Ollendorf (Œuvres complètes. Tome 26p. 65-66).


[LOUIS-PHILIPPE EN EXIL ; SA DERNIÈRE ANNÉE.]


Juillet 1850.

Le roi Louis-Philippe est en ce moment à Saint-Léonard, une partie de la famille d’Orléans prend là les bains de mer. Le roi habite avec sa famille un hôtel garni dont il n’occupe qu’une partie, le reste est loué, comme à l’ordinaire, à qui passe et à qui veut.

Le roi est atteint d’une hydropisie de poitrine, et quoiqu’il aille mieux depuis un mois, on croit sa fin prochaine. Il est maigri et très changé, il n’a plus de toupet ni de favoris, il porte ses cheveux blancs et toute sa barbe, ce qui lui donne l’air plus vénérable que lorsqu’il était roi. Il est en effet plus que roi, il est proscrit ; il est plus que proscrit, il est mourant. Il a perdu une majesté, celle du trône, et il en a retrouvé deux autres, la majesté du malheur et la majesté de la mort.

Toute la famille d’Orléans vit là avec cette simplicité qu’elle avait dans la prospérité et à laquelle l’adversité a ajouté quelque chose de noble et de grave. Quand un français passe, on l’invite et l’on est heureux qu’il vienne. En France, Louis-Philippe recherchait les anglais, en Angleterre il recherche les français.

Le dîner de famille offre ce mélange de vieillards et d’enfants qui a quelque chose de patriarchal. Cependant Louis-Philippe, empêché par sa santé et forcé de manger à part, n’y paraît plus. La reine y préside, assise seule au grand côté de la table. Au moment où l’on sert, chaque groupe arrive avec ses enfants, Mme la duchesse d’Orléans, grande, mince, un peu maigre, noble, digne, gracieuse, triste, toujours en deuil, toujours avec ses fils, donnant la main droite au comte de Paris et la main gauche au duc de Chartres ; le duc et la duchesse de Nemours avec leurs beaux enfants, le duc et la duchesse d’Aumale avec les leurs, le prince de Joinville entouré des siens qui se disputent pour être à table à côté de lui. — Je veux être à côté de papa ! Je veux être à côté de papa ! On n’entend que cela au moment où il s’assied. M. de Joinville paraît par moments accablé. Voici comment la reine en parle : — Comment trouvez-vous Joinville ? disait-elle dernièrement à un visiteur de France, toujours beau, n’est-ce pas ? mais fait comme un voleur.

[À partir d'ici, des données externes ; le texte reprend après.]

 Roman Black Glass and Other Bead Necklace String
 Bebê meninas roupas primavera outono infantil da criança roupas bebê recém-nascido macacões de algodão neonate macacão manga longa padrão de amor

Ils ont conservé entre eux l’habitude d’appeler Mme de Joinville Chica.

Le duc d’Aumale est triste comme son frère de Joinville. M. de Nemours a gardé sa mine froide.

À la table de famille, Mme la duchesse d’Orléans prend place au côté droit de la reine, M. et Mme de Nemours au côté gauche, les autres princes chacun selon son rang. M. et Mme de Montpensier manquent, ils sont à Séville.

Les visiteurs invités ainsi que les officiers de la maison font face à la reine et aux princes.

Le dîner est simple, sans primeurs, servi à la russe, avec le dessert sur la table, chaque convive a un laquais derrière lui ; quelque chose qui a grand air, mais qui n’est plus royal.

Après le dîner, quelques instants de causerie, puis on s’en va. La reine se couche de bonne heure.

Mme la duchesse d’Orléans vit à part, le plus qu’elle peut. On la rencontre souvent au bord de la mer, se promenant pendant que le comte de Paris prend des leçons de natation.

De tous les enfants royaux, le plus spirituel est le petit duc de Chartres et le plus beau le petit duc de Wurtemberg.